Excluding pictures, what does the listing below contain from the line with "Иконка QuickMemoryTestOK 4.11" up to and including the line with "Extra Dirty Cocktail", word for word?

*MATERIAL FOR THIS EXERCISE*
================================

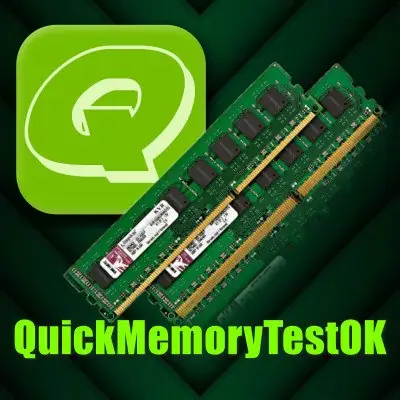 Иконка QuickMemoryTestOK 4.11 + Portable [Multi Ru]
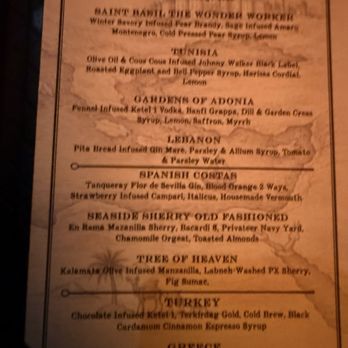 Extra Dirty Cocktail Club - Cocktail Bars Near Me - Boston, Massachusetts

================================

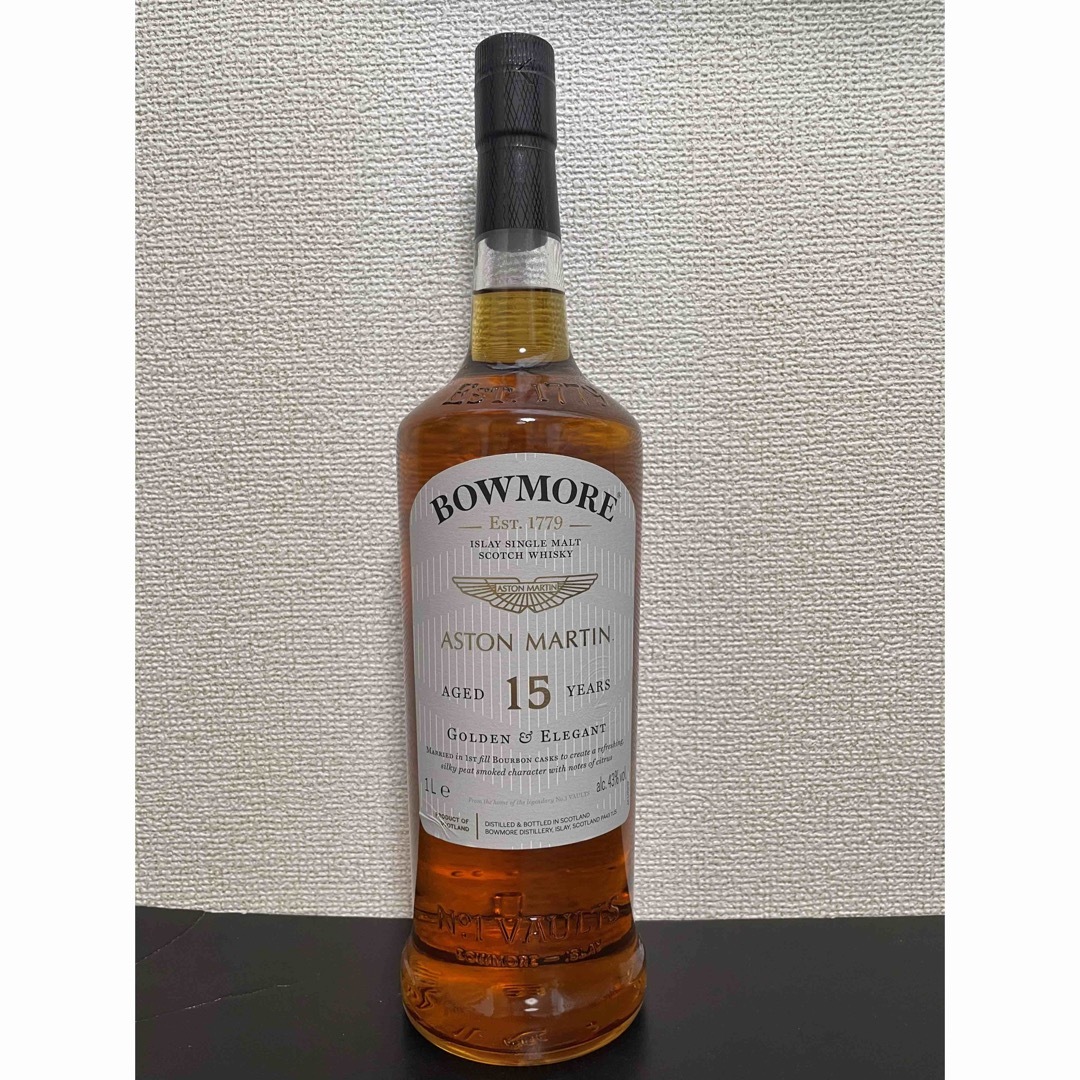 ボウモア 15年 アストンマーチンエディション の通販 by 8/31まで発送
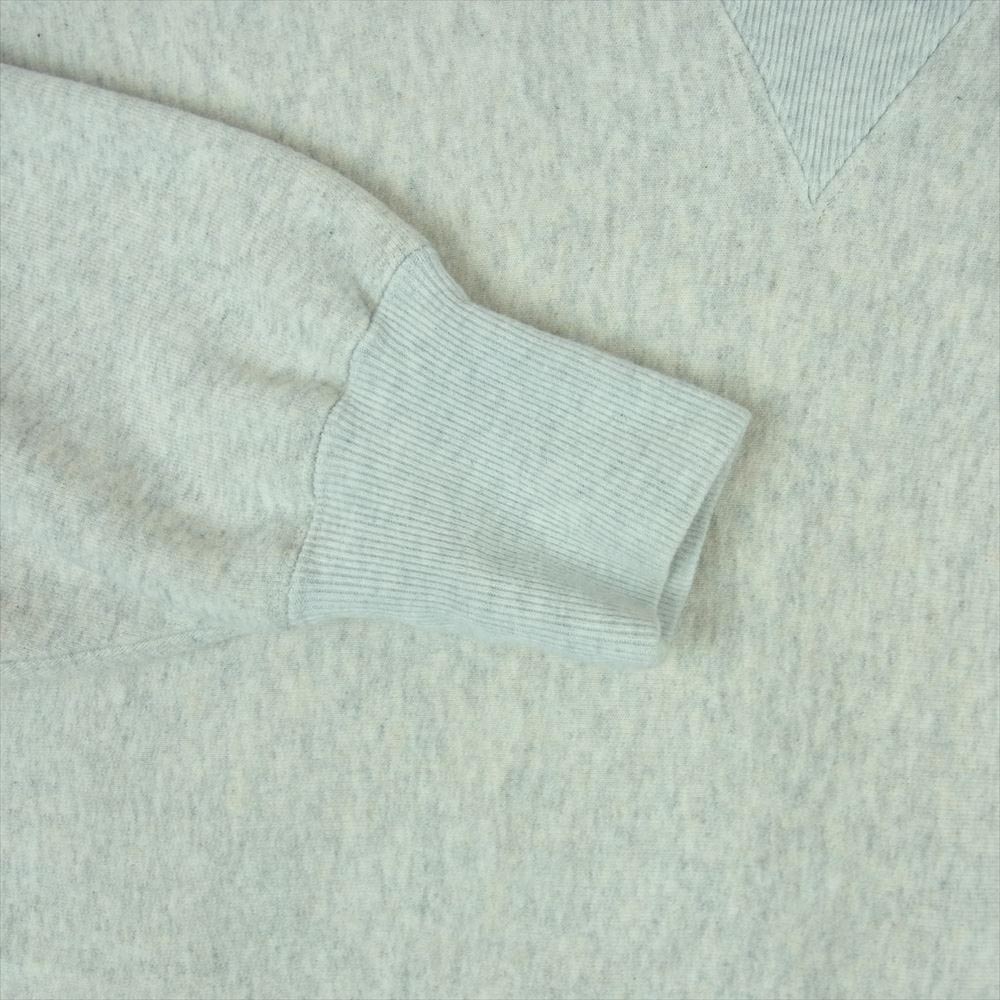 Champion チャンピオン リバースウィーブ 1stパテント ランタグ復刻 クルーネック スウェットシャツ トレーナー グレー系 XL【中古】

================================

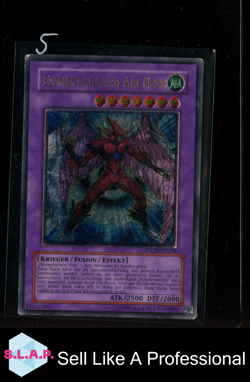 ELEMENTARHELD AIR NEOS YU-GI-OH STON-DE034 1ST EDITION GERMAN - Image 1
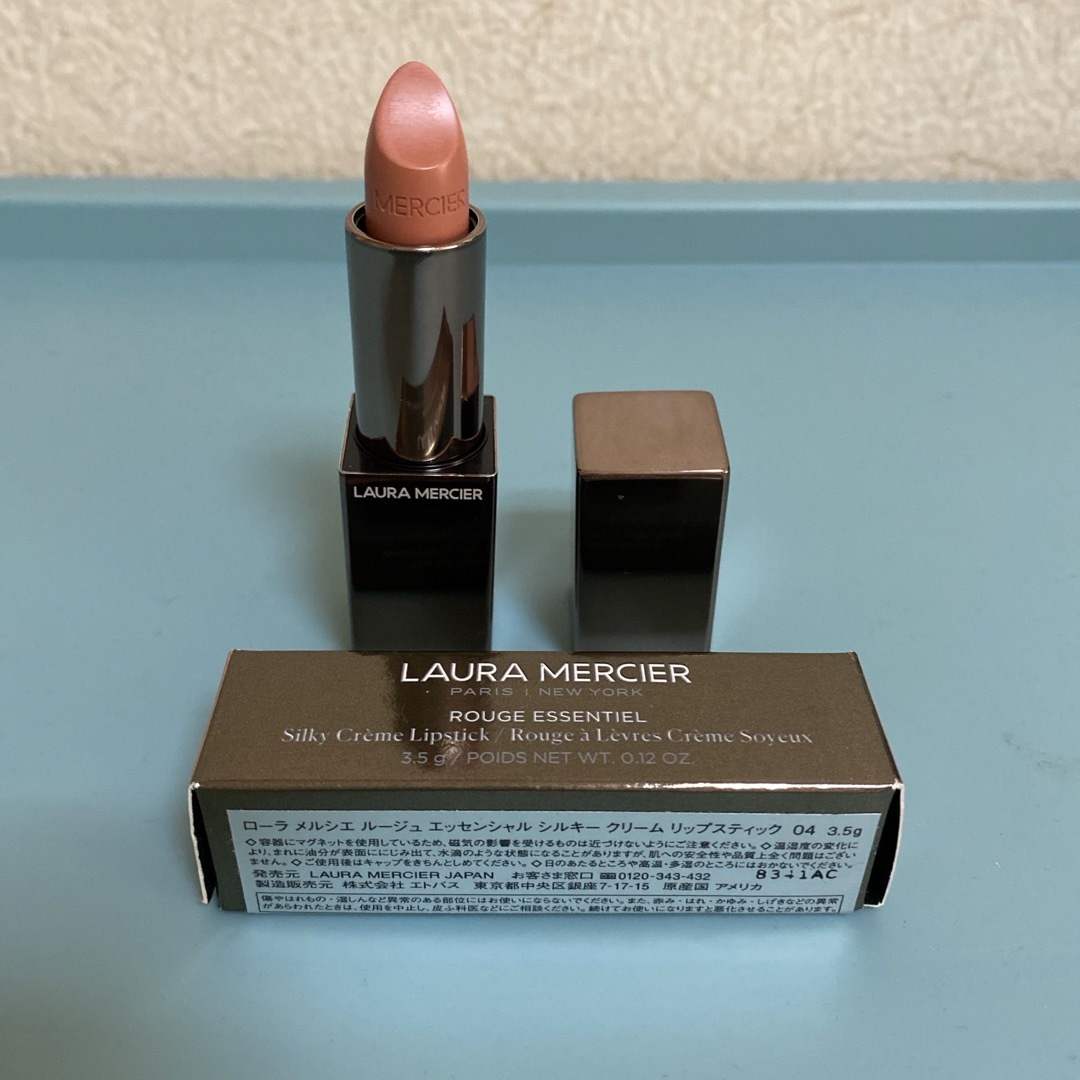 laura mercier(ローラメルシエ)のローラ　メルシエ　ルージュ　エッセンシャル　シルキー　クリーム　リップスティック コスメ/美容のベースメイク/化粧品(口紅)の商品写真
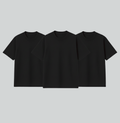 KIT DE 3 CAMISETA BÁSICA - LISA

================================

*TASK OUTPUT*
 Иконка QuickMemoryTestOK 4.11 + Portable [Multi Ru]
 Extra Dirty Cocktail Club - Cocktail Bars Near Me - Boston, Massachusetts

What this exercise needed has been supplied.